● Information provided:

*** Block opens ***

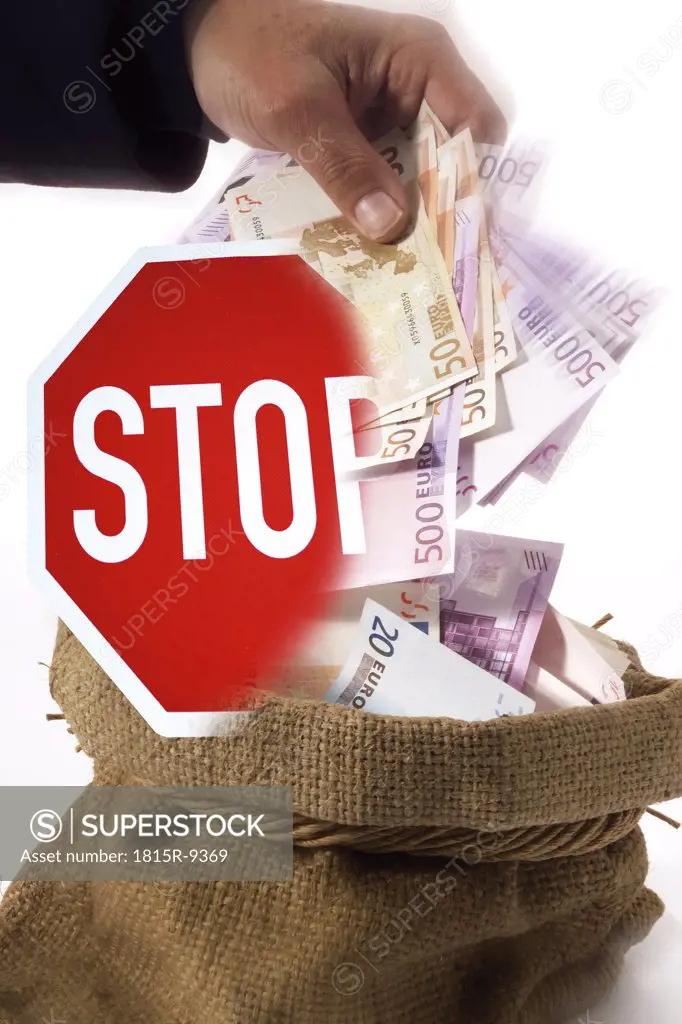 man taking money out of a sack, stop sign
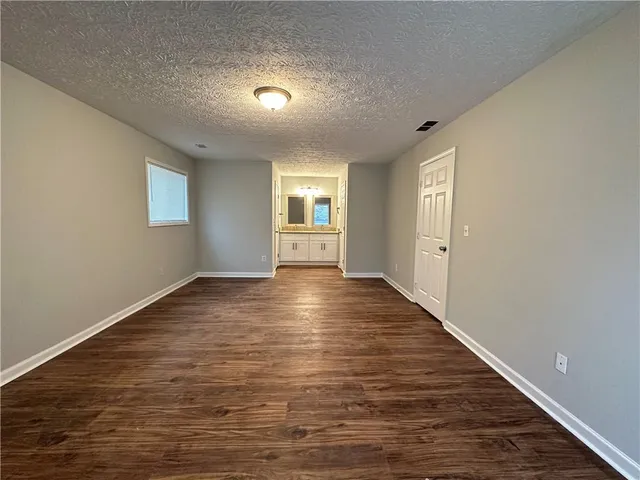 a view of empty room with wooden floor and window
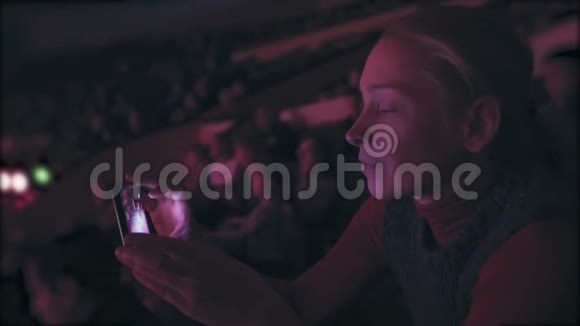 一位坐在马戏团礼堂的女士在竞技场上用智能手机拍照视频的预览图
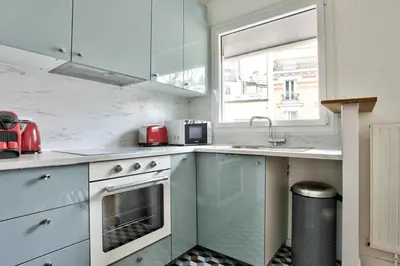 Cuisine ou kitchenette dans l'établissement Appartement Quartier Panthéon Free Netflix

*** Block closes ***

● What you need to do: Restate verbatim the lines that begin at the one holding "a view of empty" and end at the last line of the material. Exclude pictures.

● Output:
 a view of empty room with wooden floor and window
 一位坐在马戏团礼堂的女士在竞技场上用智能手机拍照视频的预览图
 Cuisine ou kitchenette dans l'établissement Appartement Quartier Panthéon Free Netflix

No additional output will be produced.